New Insights into Plant Uptake of Carbonyl Sulfide Aid Global Carbon Cycle Model
Global Monitoring Division - ESRL-GMD
This story entered on 16th Nov, 2008 07:21:28 PM PST
In a study published in Science on 14 November, NOAA and CIRES scientists and colleagues show that carbonyl sulfide (COS), a trace gas consumed by plants, provides quantitative evidence that gradients of COS during the growing season are controlled by plant uptake during photosynthesis. This in turn provides an independent measure of plant photosynthesis rates crucial for carbon cycle modeling, a constraint heretofore missing in such models.
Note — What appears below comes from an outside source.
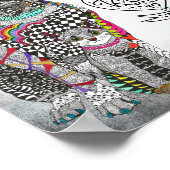 Hond en Kat Dierenredding en Huisdier Adoptie Post Poster (Hoek)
Background. On average, 40% of the anthropogenic carbon dioxide emitted to the atmosphere each year is absorbed by the land and ocean ecosystems. The terrestrial biosphere is responsible for much of this uptake, but it varies substantially from year-to-year owing to feedbacks between climate, photosynthesis, and respiration that are poorly understood. Climate models incorporate photosynthesis-climate feedbacks, yet tools for validating these critical processes within models on large-scales are lacking. As shown in the paper, tests with sophisticated 3-D model simulations of COS and CO2 over North America show that COS measurements can provide constraints on photosynthesis rates and thereby allow scientists to directly study the sensitivities of the carbon cycle to changes in climate in ways that were not possible previously. The gradient data were obtained from air samples collected across the U.S. from aircraft during a short NASA study and from an ongoing NOAA project.
Importance. Improving our understanding of the feedbacks and sensitivities between the terrestrial carbon cycle and climate is critical for accurately projecting future atmospheric concentrations of CO2. This new study takes an important step forward in describing how COS could improve our understanding of these important feedbacks.